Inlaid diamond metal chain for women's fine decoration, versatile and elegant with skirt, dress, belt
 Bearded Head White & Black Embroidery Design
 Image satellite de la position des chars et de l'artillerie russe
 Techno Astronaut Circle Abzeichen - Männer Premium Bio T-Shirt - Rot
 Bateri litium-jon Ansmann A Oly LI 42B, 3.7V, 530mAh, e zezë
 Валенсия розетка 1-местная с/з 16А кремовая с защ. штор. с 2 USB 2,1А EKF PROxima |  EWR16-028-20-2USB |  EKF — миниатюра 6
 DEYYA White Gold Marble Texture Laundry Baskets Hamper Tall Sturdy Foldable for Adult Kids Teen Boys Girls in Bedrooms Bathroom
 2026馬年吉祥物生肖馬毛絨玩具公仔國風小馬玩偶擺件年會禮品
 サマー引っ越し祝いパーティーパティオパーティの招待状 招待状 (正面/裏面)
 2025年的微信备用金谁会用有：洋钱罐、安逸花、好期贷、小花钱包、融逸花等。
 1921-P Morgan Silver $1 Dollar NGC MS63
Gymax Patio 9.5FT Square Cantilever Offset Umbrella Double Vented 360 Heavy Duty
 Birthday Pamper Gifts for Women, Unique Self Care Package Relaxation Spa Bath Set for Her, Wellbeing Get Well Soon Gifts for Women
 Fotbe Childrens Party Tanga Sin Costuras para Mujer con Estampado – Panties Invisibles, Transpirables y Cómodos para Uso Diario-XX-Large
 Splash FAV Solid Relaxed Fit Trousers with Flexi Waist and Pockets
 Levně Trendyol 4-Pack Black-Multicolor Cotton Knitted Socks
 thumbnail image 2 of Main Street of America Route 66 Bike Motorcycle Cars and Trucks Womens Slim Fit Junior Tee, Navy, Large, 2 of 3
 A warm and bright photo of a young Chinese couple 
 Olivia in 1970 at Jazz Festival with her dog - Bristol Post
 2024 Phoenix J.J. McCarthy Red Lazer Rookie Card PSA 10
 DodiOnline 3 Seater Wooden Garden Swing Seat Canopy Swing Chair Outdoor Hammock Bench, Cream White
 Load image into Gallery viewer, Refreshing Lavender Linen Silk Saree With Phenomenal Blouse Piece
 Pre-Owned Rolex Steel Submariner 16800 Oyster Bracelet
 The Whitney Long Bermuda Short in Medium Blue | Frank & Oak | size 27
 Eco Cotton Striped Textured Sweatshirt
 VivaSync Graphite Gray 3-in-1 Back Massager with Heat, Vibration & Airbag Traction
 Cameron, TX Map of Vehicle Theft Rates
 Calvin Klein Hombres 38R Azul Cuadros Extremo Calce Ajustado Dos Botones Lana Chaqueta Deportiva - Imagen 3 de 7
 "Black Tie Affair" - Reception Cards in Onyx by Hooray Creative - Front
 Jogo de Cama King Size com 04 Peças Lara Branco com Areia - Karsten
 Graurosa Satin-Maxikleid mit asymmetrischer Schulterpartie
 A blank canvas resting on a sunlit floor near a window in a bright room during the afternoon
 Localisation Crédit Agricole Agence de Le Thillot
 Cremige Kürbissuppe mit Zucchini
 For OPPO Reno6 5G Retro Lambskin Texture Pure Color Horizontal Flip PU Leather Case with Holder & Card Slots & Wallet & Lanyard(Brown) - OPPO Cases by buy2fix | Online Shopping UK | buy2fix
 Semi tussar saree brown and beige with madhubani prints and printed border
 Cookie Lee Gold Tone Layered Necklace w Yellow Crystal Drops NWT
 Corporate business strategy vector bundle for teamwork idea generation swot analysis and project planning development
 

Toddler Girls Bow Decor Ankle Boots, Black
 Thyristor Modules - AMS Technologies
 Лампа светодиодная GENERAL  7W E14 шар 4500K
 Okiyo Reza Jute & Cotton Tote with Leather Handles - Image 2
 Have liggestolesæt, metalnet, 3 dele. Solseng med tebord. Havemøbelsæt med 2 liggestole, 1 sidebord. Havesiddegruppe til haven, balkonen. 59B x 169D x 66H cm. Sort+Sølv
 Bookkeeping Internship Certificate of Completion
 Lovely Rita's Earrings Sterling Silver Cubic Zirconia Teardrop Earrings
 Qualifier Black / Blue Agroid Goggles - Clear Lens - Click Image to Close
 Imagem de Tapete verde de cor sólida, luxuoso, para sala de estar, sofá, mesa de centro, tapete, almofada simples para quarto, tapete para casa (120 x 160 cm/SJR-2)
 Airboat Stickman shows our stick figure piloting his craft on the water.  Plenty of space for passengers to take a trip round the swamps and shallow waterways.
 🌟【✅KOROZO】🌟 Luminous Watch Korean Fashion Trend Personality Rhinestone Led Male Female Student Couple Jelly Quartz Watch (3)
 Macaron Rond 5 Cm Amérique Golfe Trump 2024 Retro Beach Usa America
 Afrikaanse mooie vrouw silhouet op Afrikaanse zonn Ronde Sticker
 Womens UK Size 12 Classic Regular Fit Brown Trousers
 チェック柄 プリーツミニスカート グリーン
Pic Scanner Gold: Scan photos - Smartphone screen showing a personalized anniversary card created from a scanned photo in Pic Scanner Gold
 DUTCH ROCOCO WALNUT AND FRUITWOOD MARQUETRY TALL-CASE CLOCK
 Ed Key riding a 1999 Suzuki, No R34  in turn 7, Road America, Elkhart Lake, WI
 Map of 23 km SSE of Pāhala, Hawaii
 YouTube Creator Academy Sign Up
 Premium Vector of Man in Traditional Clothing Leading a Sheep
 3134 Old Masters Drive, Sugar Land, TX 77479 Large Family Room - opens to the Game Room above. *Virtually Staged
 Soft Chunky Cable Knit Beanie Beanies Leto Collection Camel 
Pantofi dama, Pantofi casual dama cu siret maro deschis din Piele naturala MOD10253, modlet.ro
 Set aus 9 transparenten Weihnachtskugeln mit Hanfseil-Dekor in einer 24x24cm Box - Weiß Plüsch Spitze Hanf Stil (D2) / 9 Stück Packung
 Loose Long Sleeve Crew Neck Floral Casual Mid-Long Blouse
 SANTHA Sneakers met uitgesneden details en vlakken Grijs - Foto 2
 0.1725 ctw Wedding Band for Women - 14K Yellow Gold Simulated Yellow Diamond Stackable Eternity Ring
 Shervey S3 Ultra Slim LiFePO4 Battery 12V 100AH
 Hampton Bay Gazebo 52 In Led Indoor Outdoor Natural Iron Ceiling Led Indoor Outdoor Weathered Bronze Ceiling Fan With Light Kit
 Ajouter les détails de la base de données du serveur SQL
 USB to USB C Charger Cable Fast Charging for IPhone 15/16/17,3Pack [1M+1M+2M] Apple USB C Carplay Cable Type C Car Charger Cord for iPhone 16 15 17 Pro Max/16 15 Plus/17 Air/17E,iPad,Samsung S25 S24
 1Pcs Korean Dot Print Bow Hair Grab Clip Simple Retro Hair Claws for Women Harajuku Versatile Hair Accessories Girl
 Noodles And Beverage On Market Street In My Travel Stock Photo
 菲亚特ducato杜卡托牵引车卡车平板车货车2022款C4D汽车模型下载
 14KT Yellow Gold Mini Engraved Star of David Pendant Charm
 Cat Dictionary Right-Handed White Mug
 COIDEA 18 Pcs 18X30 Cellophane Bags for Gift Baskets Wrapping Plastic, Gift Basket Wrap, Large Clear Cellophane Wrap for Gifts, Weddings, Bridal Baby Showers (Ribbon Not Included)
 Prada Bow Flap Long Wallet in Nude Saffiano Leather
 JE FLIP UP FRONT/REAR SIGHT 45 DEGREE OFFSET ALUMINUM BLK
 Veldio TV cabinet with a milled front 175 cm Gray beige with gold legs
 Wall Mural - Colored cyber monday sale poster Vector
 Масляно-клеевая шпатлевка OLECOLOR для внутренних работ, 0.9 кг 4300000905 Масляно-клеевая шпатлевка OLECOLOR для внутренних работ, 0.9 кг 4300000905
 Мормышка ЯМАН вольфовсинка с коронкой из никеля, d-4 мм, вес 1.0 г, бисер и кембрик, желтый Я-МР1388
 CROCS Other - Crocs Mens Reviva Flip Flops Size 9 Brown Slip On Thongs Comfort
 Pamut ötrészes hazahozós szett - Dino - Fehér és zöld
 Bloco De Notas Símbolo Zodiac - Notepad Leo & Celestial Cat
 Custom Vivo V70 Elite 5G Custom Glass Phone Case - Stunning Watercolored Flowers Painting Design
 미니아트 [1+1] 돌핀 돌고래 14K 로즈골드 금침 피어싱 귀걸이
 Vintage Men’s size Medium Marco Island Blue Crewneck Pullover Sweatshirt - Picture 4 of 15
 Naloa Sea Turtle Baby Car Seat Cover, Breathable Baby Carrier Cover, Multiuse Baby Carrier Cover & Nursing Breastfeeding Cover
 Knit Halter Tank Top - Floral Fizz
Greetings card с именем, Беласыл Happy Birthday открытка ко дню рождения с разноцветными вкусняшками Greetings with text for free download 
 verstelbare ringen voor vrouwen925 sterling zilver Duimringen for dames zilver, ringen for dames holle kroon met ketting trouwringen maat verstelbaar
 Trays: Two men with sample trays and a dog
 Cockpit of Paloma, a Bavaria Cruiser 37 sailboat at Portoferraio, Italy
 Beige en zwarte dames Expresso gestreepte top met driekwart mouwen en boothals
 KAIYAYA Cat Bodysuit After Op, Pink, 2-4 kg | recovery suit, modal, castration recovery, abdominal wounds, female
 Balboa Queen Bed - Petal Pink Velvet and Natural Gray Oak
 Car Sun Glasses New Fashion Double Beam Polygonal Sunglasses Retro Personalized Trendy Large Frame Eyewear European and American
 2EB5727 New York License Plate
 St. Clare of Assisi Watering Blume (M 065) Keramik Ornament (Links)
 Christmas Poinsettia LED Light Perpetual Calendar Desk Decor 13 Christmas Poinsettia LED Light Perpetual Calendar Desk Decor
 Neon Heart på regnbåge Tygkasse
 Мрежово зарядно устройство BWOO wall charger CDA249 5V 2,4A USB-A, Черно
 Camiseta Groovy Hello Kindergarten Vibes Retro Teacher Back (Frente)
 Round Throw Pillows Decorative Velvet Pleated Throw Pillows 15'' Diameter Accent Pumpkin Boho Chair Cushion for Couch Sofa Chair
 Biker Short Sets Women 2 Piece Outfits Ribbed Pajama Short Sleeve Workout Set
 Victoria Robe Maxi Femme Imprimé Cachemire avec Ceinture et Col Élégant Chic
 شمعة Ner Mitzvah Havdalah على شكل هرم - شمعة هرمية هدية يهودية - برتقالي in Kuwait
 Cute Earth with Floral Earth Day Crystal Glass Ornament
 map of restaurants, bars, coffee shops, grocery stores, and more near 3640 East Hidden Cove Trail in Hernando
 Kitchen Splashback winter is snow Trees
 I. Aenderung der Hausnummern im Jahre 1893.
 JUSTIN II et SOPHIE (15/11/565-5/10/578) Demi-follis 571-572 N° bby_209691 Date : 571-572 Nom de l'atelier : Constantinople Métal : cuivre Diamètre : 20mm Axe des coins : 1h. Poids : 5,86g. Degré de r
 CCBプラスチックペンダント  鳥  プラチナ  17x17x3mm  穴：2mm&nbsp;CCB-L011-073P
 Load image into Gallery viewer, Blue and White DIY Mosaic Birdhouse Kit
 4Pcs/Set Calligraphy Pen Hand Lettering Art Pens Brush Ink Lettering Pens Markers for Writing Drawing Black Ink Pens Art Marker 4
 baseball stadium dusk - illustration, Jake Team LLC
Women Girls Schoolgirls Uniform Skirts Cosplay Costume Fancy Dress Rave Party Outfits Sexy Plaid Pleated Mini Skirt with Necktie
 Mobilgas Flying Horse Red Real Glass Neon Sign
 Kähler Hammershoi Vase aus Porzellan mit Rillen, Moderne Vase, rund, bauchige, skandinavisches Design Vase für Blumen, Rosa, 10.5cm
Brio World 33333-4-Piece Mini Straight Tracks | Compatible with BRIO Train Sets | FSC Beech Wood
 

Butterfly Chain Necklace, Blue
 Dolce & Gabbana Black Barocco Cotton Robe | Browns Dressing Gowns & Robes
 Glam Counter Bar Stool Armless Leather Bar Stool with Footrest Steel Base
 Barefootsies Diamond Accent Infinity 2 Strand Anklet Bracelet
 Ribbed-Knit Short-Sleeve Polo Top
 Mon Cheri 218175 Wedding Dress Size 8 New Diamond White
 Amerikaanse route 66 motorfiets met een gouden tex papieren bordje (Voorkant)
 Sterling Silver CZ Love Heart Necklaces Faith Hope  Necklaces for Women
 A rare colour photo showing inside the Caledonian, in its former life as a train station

Exercise:
Where the string "Robe" occurs in the data, return the whole line.

Response to this task:
 Victoria Robe Maxi Femme Imprimé Cachemire avec Ceinture et Col Élégant Chic
 Dolce & Gabbana Black Barocco Cotton Robe | Browns Dressing Gowns & Robes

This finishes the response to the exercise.